The fast group was way ahead of the pole pole group. I hung out with Daisy and hiked the rest of the way with her and Godlisten. We descended to the flattish area for quite a while. The trail was nice, a worn away footpath. There was not much cover if you had to go to the bathroom, though. We found a few boulders to take a resting stop at. None big enough to be fully concealed from the path for a squat break. But well, it had to be done, so a few porters saw my brown ass. That's okay. By this point, a lot of the modesty had dissipated.

The trail became rockier. The rocks, broken fragments of what looks like exfoliated rock -- in sheet form. It was great hiking with Daisy. We kept each other company, talking, and listening to the clanking of the sheet like loose rocks as we hit our trekking poles on them as we hiked. Sometimes it was hard to hear because of the winds, the clouds rushing by us to be swept higher.



The rocks that made the clanking noise



The rockiness of the trail cleared a bit back to the worn footpath. And kept going...



The trail



We could see the fast group, as indicated by Freddy's neon jacket, way ahead of us and uphill. They were taking a break. Daisy and I took short breaks, and took it easy. Enjoyed it. We were after all, at some 15,000 feet in elevation. We had already gone higher than Mt. Elbert, the tallest mountain in the Colorado Rockies. Something I never imagined would happen.



The fast group resting (taken by Sean)



The fast group continued on, as did we. They were long gone. We could look up and see huts. Camp??? It didn't look too far. Distance, as we knew, was deceiving (the valley separating us from the Karanga Camp!). We trucked on, talked, panted, panted more, laughed, smiled, panted more. Then it was time to ascend. The path grew rockier again. We clanked our poles against the rocks and made music. Every rock made a different noise. We crossed a part that involved some scrambling as well.



The fast group resting again(taken by Sean)



The path grew steeper and rockier. Every step at this altitude grew more tedious, my feet grew heavier. We had to ascend quite a bit to even get to those things that looked like huts.



Looking back at the low trail from a higher point



And then damn..where the hell do we go? Where is the path? Godlisten had to direct us the right way. The path became very steep, rocky. All we knew is that we had to go up...and it was not easy...
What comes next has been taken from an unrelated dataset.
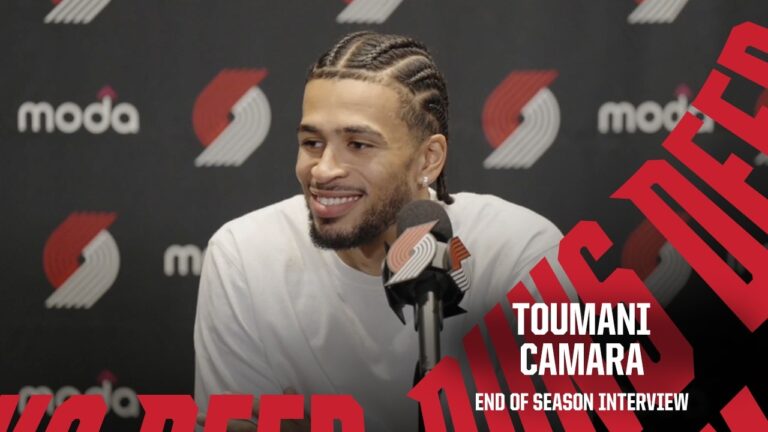 Toumani Camara 2025-26 End of Season Interview Portland Trail Blazers April 30, 2026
We finally saw tents. They were not ours. Where were our tents? No one knew. It was me, Daisy, Godlisten. He kept on hiking higher and higher, and we followed, tired, fatigued. We were in the high alpine desert - extremely dry. At one rocky steep stepping point near the first tents we saw, it reaked of old urine. Not as bad as a smell as the long drops. But a stench nevertheless. Godlisten hiked on, we followed, wondering where the hell our camp was.



Mawenzi in the distance



In the distance, we saw a beautiful jagged peak -- Mawenzi. We passed by a really fancy longdrop. And finally, our campsite! Now...finding the partners in crime was one thing. The campsite was extremely rocky, the chances of stumbling were..well..pretty high. I had no idea where Sean was. And in a campsite of 27 hikers...that's a lot of tents...I went uphill..nope...finally, someone directed me downhill..all the way downhill by a valley and a cliff ledge.



Fancy longdrop with Uhuru Peak as the backdrop



The sun was so strong here. The clouds sporadic. The winds, very strong. The tent acted like a dry sauna because of the sun. I stripped off all of my clothes down to a tank top and lightweight long johns. It was hot. Damn hot. And windy like hell.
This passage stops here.